In response to racist police practices and ongoing police violence against Black folks in the United States, a group of physicists have come together to petition the American Physical Society (APS) to release a statement in support of Black lives and to acknowledge the impact on Black physicists by these issues. You can read and sign the petition here:

Letter to APS: http://bit.ly/2dgr3WL

As APS members, we recognize that racist police practices ranging from profiling to violence represent psychological and physical harm to physicists from communities of color, and particularly Black physicists. Furthermore, we recognize that such practices could very well impact Black physicists, for example, when traveling to an APS meeting. Given the particular context of numerous recent high-profile police killings of Black people, we consider with fear the possibility that this violence may impact our Black students, colleagues, or supervisors.

With these concerns in mind, we call on all physicists to co-sign our letter to APS requesting immediate engagement with the issues raised by the Black Lives Matter movement. People who are APS members are especially encouraged to sign, though signatures from allies who are not members of APS are also welcome.

We further wish to acknowledge that this letter was written by a group of white queer and/or genderqueer physicists, most of whom are women, in solidarity with Black physicists and others who experience racial oppression in the physics community. We ask that you read and sign the petition today.

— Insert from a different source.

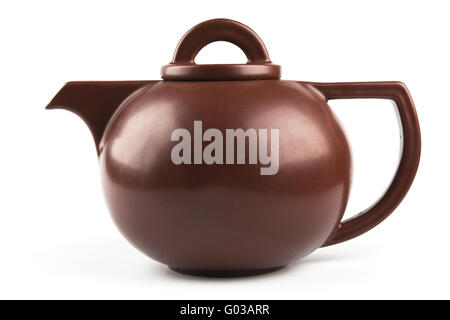 braune Keramik Teekanne isoliert auf weißem Hintergrund Stockfoto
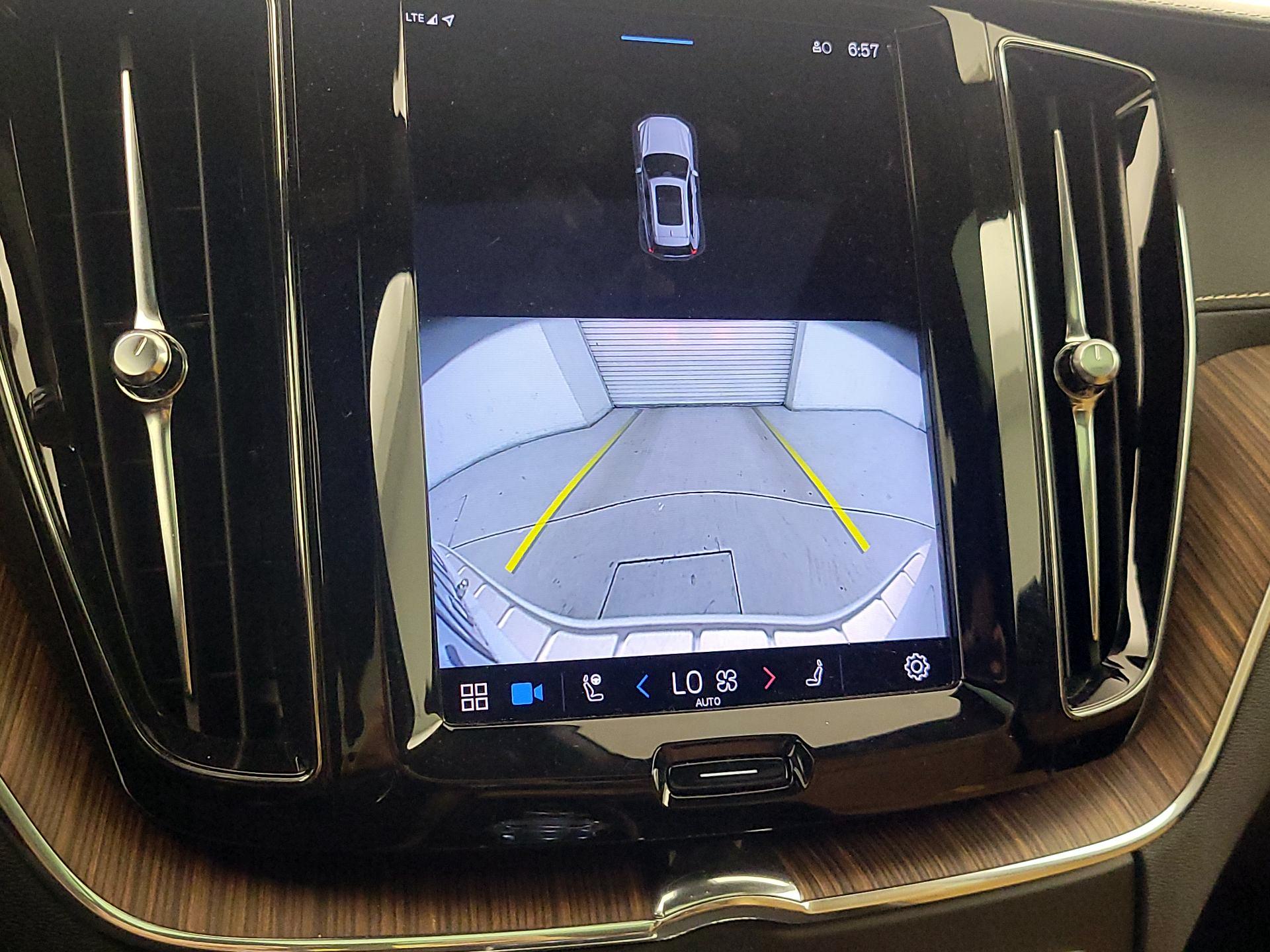 Thumbnail: 2022 Volvo XC60 - 13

Read and sign the letter to APS here

View the letter here

Sincerely,

Nicole Ackerman (Assistant Professor, Agnes Scott College)
Dimitri Dounas-Frazer (Postdoctoral Research Associate, University of Colorado Boulder)
Michael L. Falk (Professor, Johns Hopkins University)
Savannah Garmon (Assistant Professor, Osaka Prefecture University)
Renée Hložek (Assistant Professor, Dunlap Institute and Department of Astronomy and Astrophysics, University of Toronto)
Elena Long (Post Doctoral Research Associate, University of New Hampshire)
MacKenzie Warren (Postdoctoral Research Associate, Michigan State University)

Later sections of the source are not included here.